Le budget n’a pas augmenté. On a simplement changé la matinale et le début de soirée, lorsque les gens finissent de travailler et rentrent en voiture chez eux. Pour ce faire, on a mieux réparti le budget. On a intégré plus d’humour le matin avec Olivier Laurent. On a retravaillé les tenanciers du "Push Café" (6-9h) sans en changer la philosophie. En fin de journée, avec l’arrivée de Ruquier aux "Grosses têtes", on a mis l’humoriste Mike en face, à 16h, pour offrir une alternative à ceux qui pourraient être déçus par le départ de Bouvard. On a décalé le sport, à 18h. L’équipe de la radio ne change pas. Christine Massy, qui était sur la matinale, est partie mais on a fait venir Emilie Dekegel (ex-Bel RTL) de 9 à 11h pour conserver une voix féminine. Une tranche importante car elle réunit les plus fortes audiences.

Mais quel est le budget 2014-15 ?

Tout compris (animateur, technique, électricité, émetteurs), la radio coûte entre 1 et 1,5 million d’euros par an.

Comment fait-on, en tant que "petite" radio, pour exister face aux bulldozers de la bande FM ?

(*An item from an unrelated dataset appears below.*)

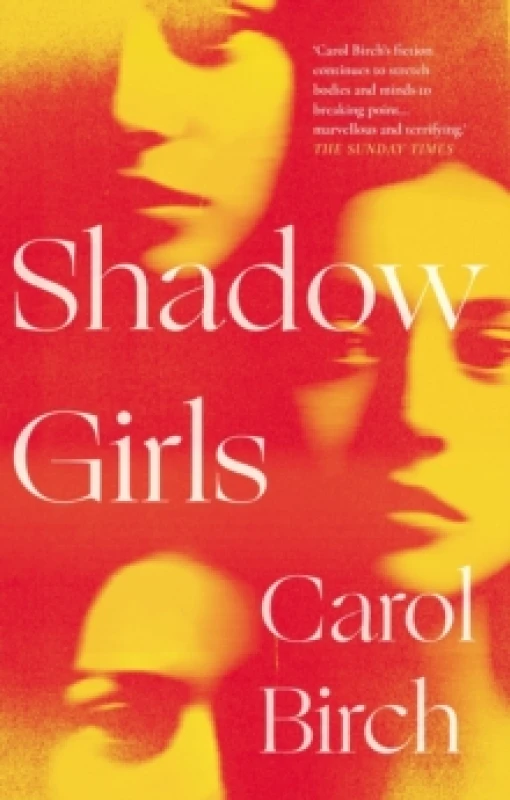 Image of Shadow Girls Hardback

DH est une marque qui fonctionne toute seule, elle est performante en web et en papier, on le sait. La radio doit faire partie intégrante de cette marque. Les piliers les plus importants, c’est la bonne humeur, l’humour, l’information avec des alertes, la musique avec une playlist familiale axée sur les tubes d’hier et d’aujourd’hui. A l’image de Radio Contact… Et le dernier pilier, c’est le sport. On n’est pas une radio de sport mais on a, une fois par jour, une émission d’une heure avec des spécialistes. Ces piliers, d’autres radios les ont mais nous comptons faire la différence sur le ton, sur la manière d’aborder ces contenus. On veut être sérieux, crédibles et en même temps décomplexés.

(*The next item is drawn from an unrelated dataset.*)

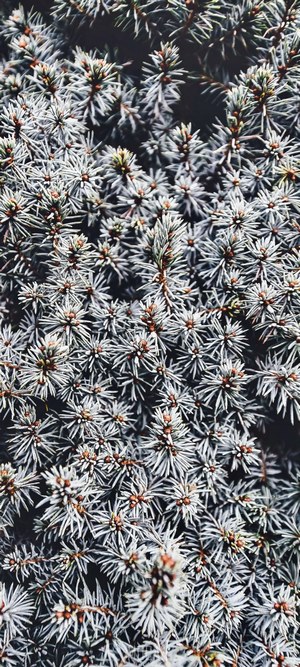 Close-up of blue spruce pine needles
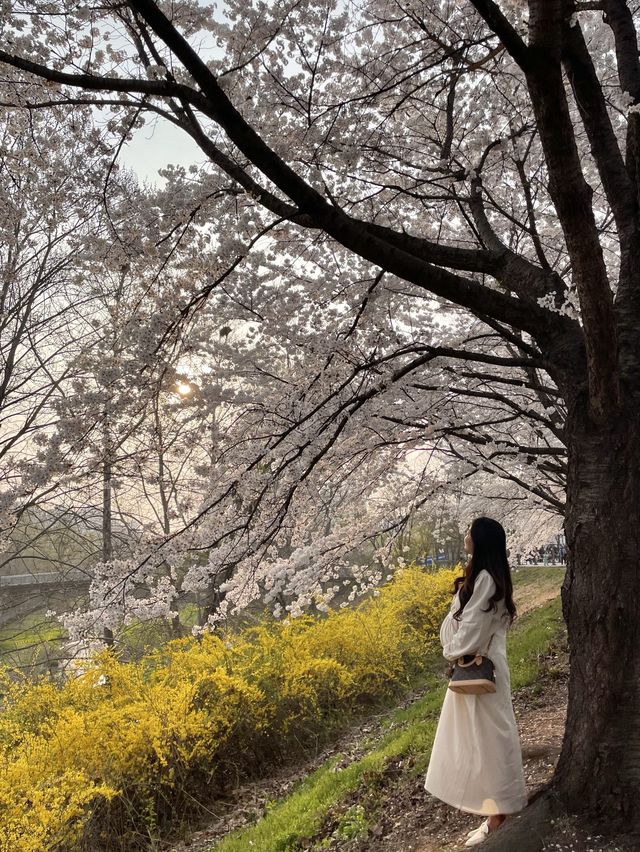 벚꽃 맛집 올림픽공원🌸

La réalisation de contenus communs "web-radio-papier", nouvelle stratégie mise en place lors du passage de Twizz Radio à DH Radio, porte-t-elle déjà ses fruits ? Là où Twizz n’a jamais dépassé les 0,5 % de part d’audience, DH Radio entendait surfer sur la marque DH et faire 1 % de parts de marché en 2014 et 3 % d’ici fin 2015…

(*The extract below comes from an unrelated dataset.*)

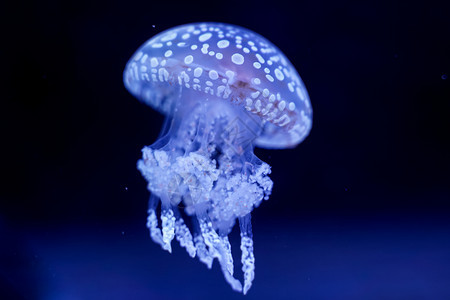 有毒水下Jellyfish黑底游泳意大利图片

Elle n’a pas encore porté ses fruits parce qu’elle n’a pas été mise en place comme il le fallait. Ces cinq premiers mois ont surtout servi à mettre en place des habitudes entre les différentes rédactions web, papier et radio. Il a fallu installer de nouvelles façons de travailler. Mais tout ça est doucement en train de se mettre en place. L’important, c’est de voir si les graines qu’on a plantées commencent à prendre. Mais il faut être réaliste. Le rendez-vous important, ce sera août 2015 parce qu’on aura alors un an et demi d’existence. Notre évolution, on l’anticipe surtout sur le digital car il permettra de mettre toutes les radios à niveau. Il n’y aura plus le système des 6 présélections. Dans un univers numérique, toutes les radios, petites ou grandes, seront sur le même pied d’égalité.